Types of Eligible Loans
Most federal student loans are eligible. Specifically, eligible loans include:
- Undergraduate and Graduate Direct Loans,
- Parent PLUS and Grad PLUS Loans,
- Consolidation loans (for loans disbursed on or before June 30, 2022),
- Federal Family Education Loans,
- Perkins Loans, and
- Defaulted loans.
If a borrower made voluntary payments during the COVID-19 pandemic, the payments they made will be refunded if they submit an application and if the payments made brought their balance below the maximum debt relief amount they are eligible to receive but they did not pay off their loan in full.
Tax Implications of the Forgiveness Plan
While the one-time student loan debt relief will not be subject to federal income taxes, student loan forgiveness may be subject to state taxes.
Borrowers must submit an application to receive debt relief. The beta online application to apply for student loan debt forgiveness launched on October 14. During the beta launch, the application was available on and off, but the U.S. Department of Education (DoE) reassured borrowers there was no advantage to applying before the full launch. The official application launched on October 17, but borrowers who submitted a beta application need not resubmit.

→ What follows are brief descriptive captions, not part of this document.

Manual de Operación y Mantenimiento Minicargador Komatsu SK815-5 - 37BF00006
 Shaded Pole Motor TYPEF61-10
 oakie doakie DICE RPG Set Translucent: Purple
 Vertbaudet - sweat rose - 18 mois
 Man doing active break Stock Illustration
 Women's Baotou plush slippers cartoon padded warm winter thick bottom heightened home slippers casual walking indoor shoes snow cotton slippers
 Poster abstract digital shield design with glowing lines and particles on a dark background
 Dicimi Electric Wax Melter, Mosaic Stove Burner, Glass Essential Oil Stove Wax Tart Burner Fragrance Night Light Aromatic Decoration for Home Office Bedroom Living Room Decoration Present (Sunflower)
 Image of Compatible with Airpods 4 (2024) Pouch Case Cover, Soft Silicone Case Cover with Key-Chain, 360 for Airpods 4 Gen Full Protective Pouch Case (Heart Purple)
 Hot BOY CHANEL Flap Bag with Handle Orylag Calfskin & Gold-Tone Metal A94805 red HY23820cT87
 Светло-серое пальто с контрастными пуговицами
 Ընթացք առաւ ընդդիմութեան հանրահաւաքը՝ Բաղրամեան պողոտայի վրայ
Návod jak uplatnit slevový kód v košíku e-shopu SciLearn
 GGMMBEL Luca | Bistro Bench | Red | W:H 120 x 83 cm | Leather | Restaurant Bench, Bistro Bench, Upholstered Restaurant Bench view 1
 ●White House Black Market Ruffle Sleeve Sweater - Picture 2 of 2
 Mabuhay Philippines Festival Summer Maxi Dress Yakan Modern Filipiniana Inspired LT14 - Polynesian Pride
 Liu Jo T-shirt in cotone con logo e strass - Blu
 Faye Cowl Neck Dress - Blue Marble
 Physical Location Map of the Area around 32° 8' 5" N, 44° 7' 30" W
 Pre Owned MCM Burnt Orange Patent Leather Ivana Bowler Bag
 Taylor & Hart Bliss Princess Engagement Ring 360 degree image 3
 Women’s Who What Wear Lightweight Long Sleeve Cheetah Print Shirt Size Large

The application is due by December 31. The Biden Administration recommends applying before November 15 to ensure the debt relief is received before the student loan payment pause expires on January 1, 2023.
On October 21, a federal appeals court issued an administrative stay while it considers a motion to block the student loan forgiveness plan filed by six Republican-led states. This administrative stay orders the Biden Administration to not act on the plan while the motion is being considered. However, it is important to note this stay does not prevent borrowers from applying for student debt relief. All borrowers are still encouraged to submit an application.
Key Action Steps and Resources
ACOFP members should first determine whether they are eligible for student loan forgiveness, remembering that these requirements apply only to federal student loans. In addition, physicians should be prepared to submit their applications by the abovementioned deadlines and monitor their email and accounts for changes. Loan balances remaining after relief will be re-amortized, meaning the DoE will recalculate monthly payment based on the borrower’s new balance.
Additional resources, including eligibility information, frequently asked questions, and the application for claiming this relief are available on the Federal Student Aid website.